Some coins just make you shake your head because you can?t figure out why they were even produced with such low mintages. That is certainly the case with the 1882 double eagle.
There was warning that something like the 1882 double eagle was coming, as Philadelphia mintages of double eagles in the 1880s had been very low, with the business-strike total for the 1881 being just 2,199, along with an estimated 61 proofs.
There could have been a number of factors at work to explain the low double eagle totals from Philadelphia in the 1880s. The use of bank notes was probably increasing in that era The gold coins there tended to circulate less and sit in banks more as reserves for paper money or for possible use in international trade.
It is also possible that priorities at the Philadelphia Mint entered into the picture, as Philadelphia, as well as all the mints, was diverting some of its production capacity to the required task of making Morgan dollars. Unlike the other mints, Philadelphia was also attempting to produce small numbers of other denominations, as well as the required totals of coins only Philadelphia could produce, such as cents, three-cent pieces and nickels.
So, it is understandable why Philadelphia might have to make small numbers of coins that were not urgently needed for regular circulation.
Whatever the actual reason, we know that the 1882 double eagle had a business-strike mintage of just 571, which was one of the lowest totals for any denomination in U.S. history. In addition, there were about 59 proofs.
Today with such a mintage, there would be desperate attempts to acquire an example, but this was 1882, and there appears to have been no attempt on the part of anyone to acquire such a low-mintage gold coin. The few who had any interest in collecting gold coins were likely to be collecting only by date, and they were likely to be the buyers of the 59 proofs. There is no doubt all 59 would have sold at the time, as many times proofs were later melted if they did not sell.
In the case of business strikes, you can basically forget the idea that many would have been saved. There were no collectors to do the saving and that was made all the more difficult by the denomination, which was a great deal of money to most at the time.
If you look at the prices of the 1882 today, you find that a VF-20 is listed at $8,000 while an MS-60 is priced at $80,000, with a Proof-65 estimated at somewhere in the $100,000 range, although the current record price was $60,375 in a Heritage Long Beach sale in 2004, but that was a Proof-64.
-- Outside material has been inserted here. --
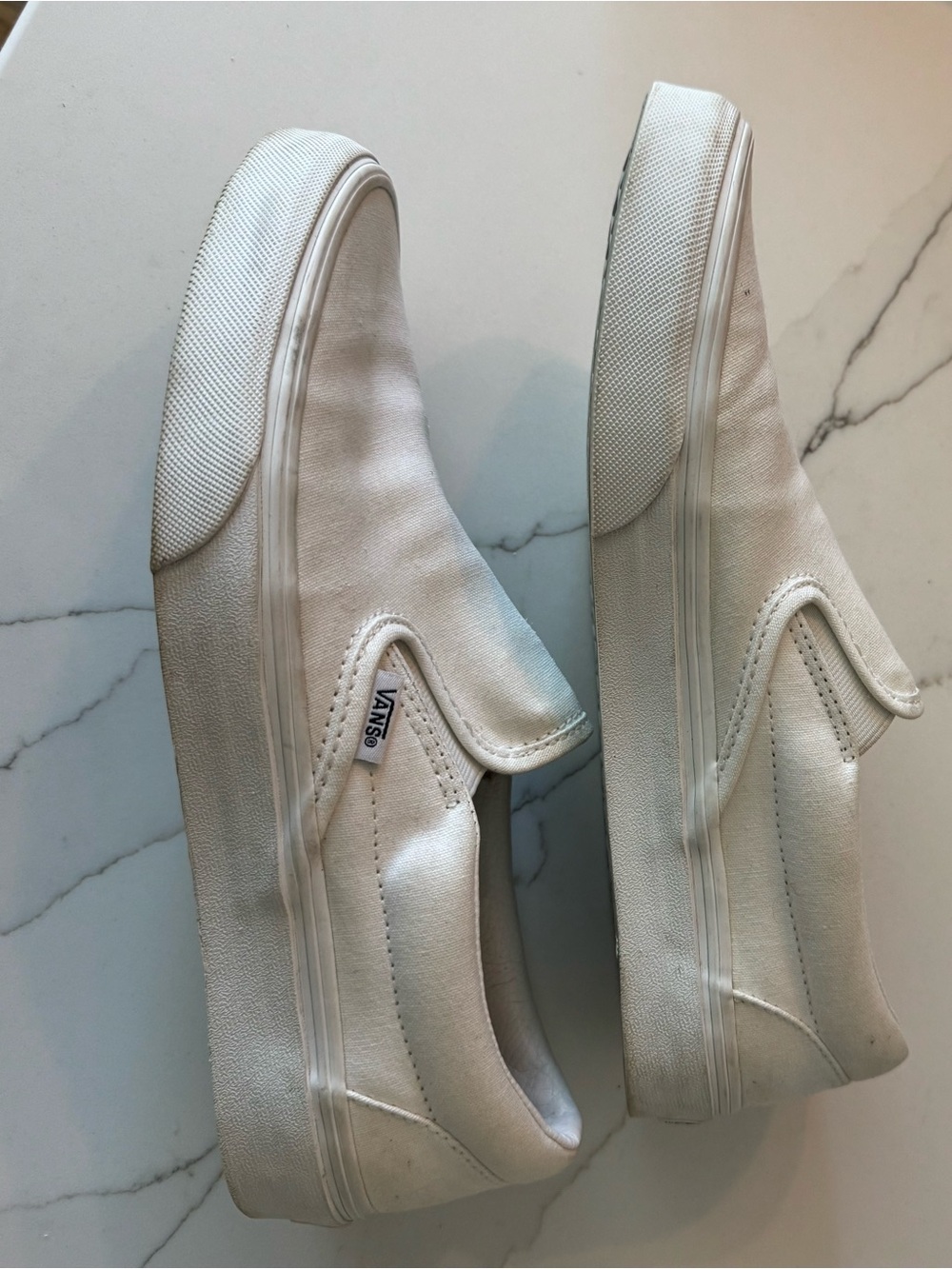 Vans Classic Slip-On White Canvas Sneakers Women’s Size 10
The 1882 is only available in small numbers. Numismatic Guaranty Corpo-ration has only seen 10 business-strike coins, of which one was Mint State. The total for proofs at NGC is four, all of which were Proof-64.
At Professional Coin Grading Service, they have seen 16 business strikes, of which three were Mint State, and 10 proofs, with the best being Proof-65.
Under the circumstances, the chances to buy an example in any grade are limited. The fact that the number of double eagle collectors is small is probably the only thing that keeps the 1882 at the relatively modest prices it is at today, as it is a legitimate rarity and one which one day will see much higher prices.